[Opening Data to use section]

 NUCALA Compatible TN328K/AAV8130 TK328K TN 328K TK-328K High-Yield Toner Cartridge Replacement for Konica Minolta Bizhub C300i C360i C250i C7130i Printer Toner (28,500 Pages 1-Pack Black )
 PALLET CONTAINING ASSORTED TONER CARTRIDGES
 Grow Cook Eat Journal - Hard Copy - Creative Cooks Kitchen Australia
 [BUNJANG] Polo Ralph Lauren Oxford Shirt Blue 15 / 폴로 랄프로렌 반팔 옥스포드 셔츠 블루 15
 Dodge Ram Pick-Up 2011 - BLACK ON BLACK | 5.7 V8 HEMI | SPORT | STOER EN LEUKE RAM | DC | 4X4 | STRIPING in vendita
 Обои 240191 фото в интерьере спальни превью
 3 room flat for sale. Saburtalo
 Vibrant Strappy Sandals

[Closing Data to use section]
[Opening Data to use section]

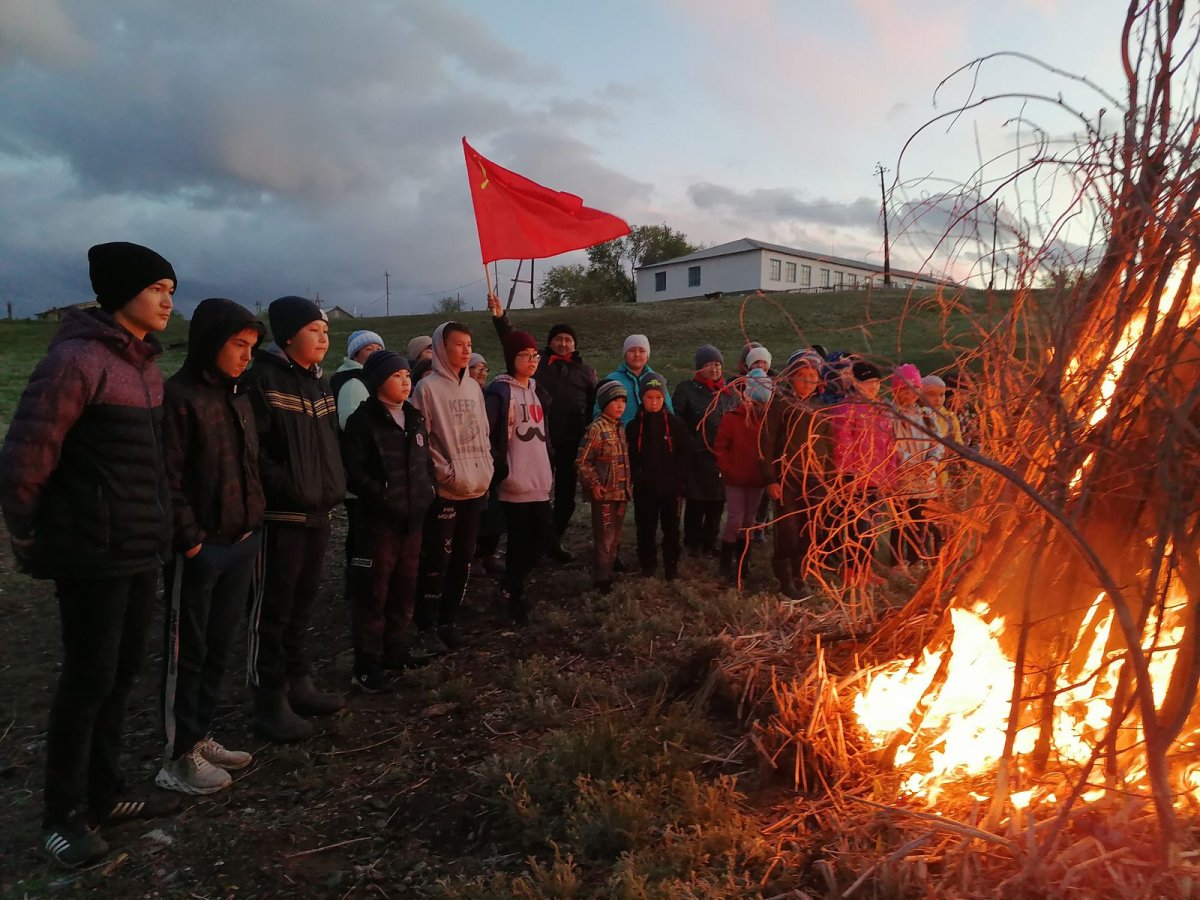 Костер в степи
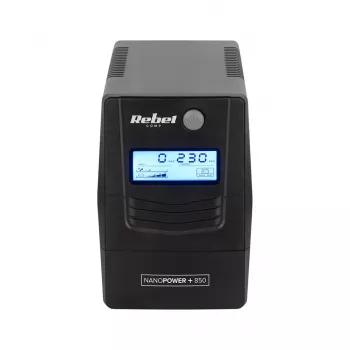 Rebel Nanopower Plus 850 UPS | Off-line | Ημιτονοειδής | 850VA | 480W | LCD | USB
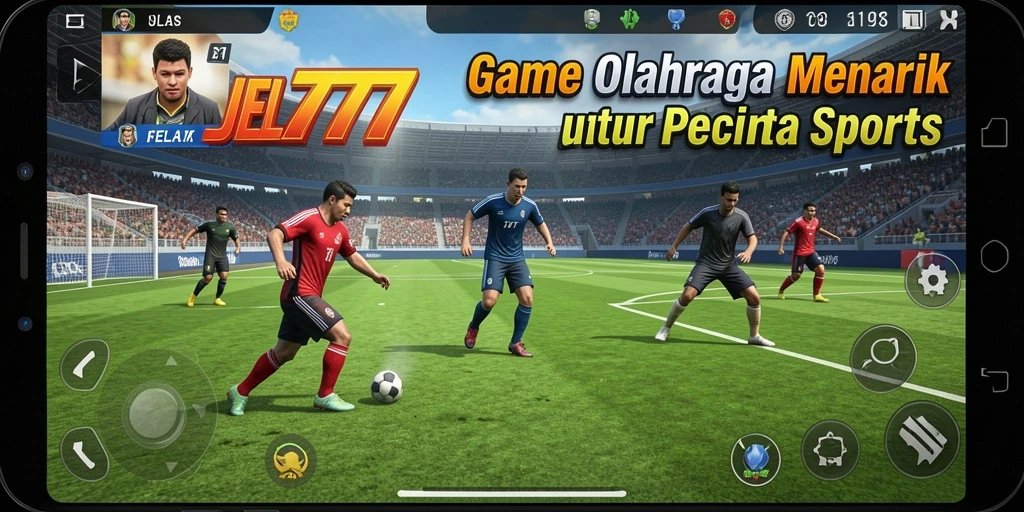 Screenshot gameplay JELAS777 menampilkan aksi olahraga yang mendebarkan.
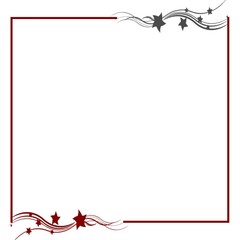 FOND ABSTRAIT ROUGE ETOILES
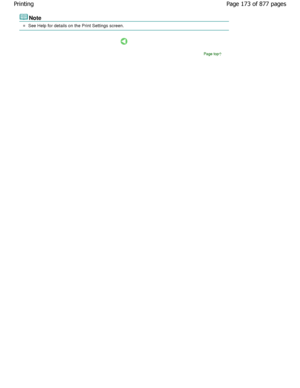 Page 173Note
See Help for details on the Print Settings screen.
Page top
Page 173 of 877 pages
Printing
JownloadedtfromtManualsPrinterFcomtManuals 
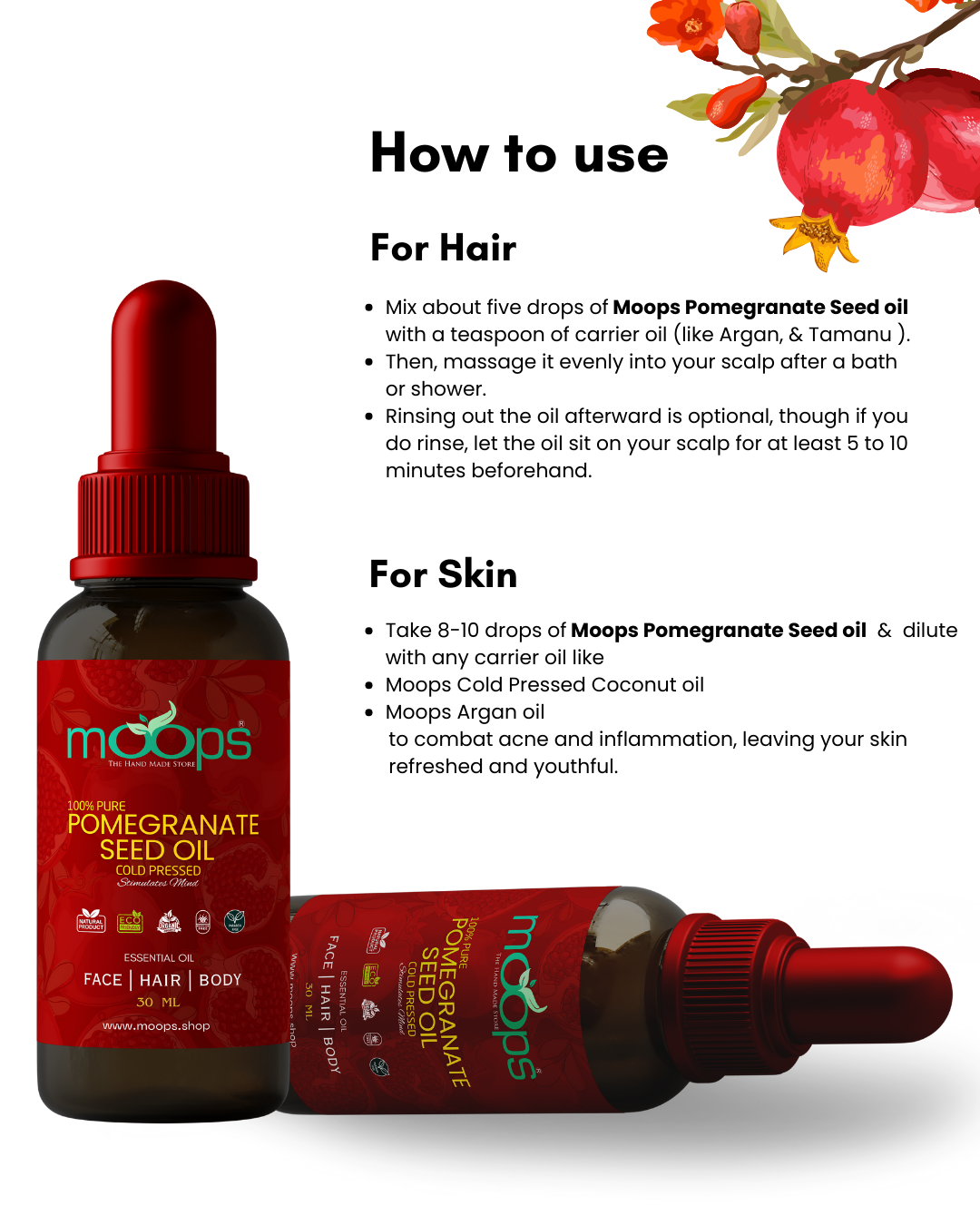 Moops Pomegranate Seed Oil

[Closing Data to use section]
[Opening Data to use section]

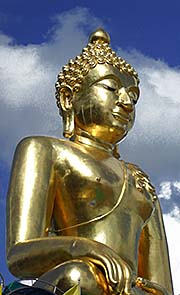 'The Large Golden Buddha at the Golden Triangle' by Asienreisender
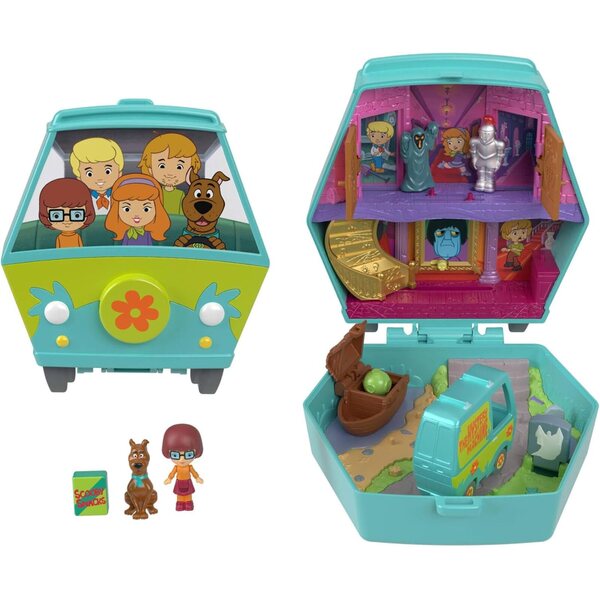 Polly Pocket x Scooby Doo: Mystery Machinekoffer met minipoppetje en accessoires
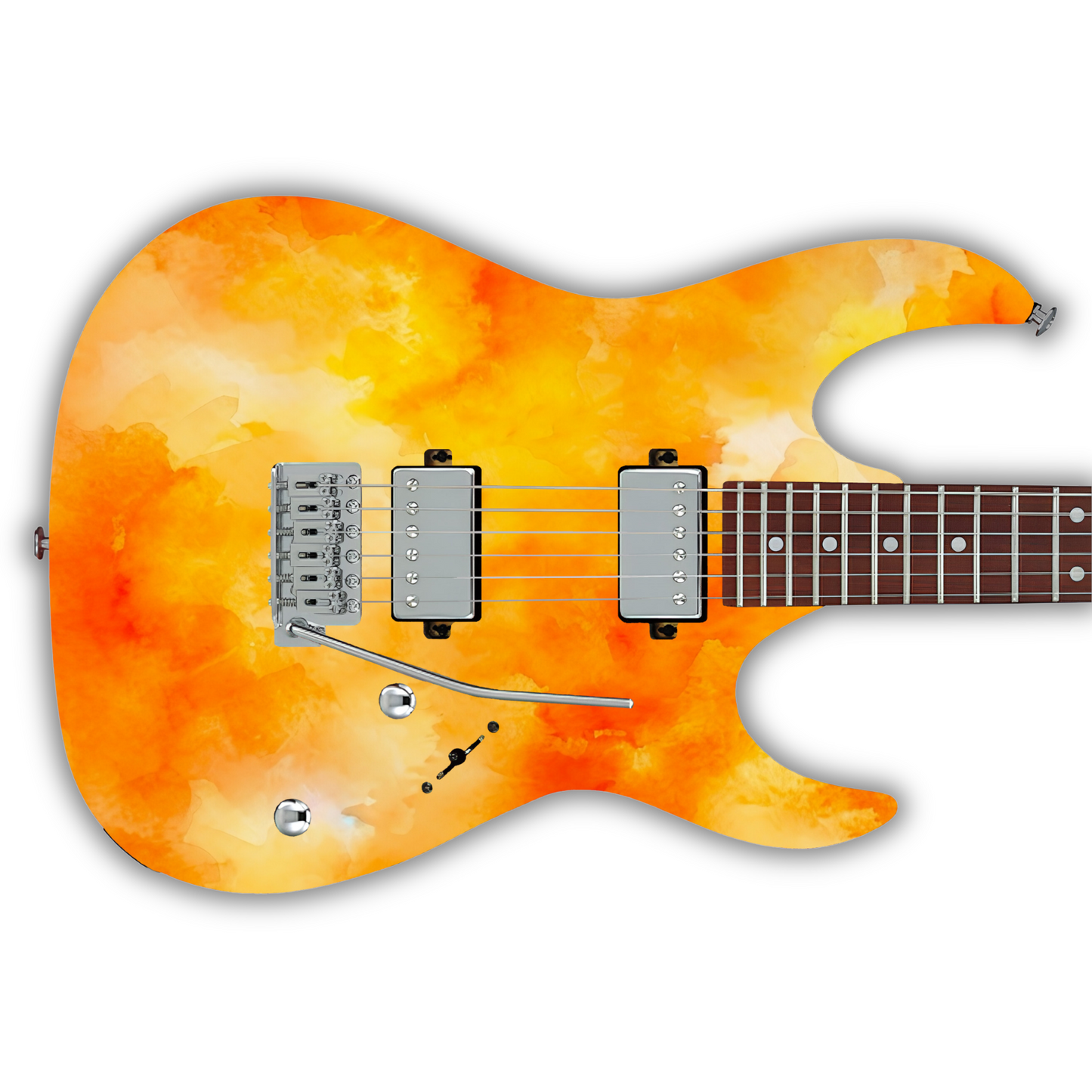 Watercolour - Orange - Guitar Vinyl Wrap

[Closing Data to use section]

**Task to complete:** Go to the line above holding "See Help for", then copy exactly each line down to and including the one holding "Moops Pomegranate Seed Oil", leaving pictures out.

**Answer to the problem:**
See Help for details on the Print Settings screen.
Page top
Page 173 of 877 pages
Printing
JownloadedtfromtManualsPrinterFcomtManuals 
 Moops Pomegranate Seed Oil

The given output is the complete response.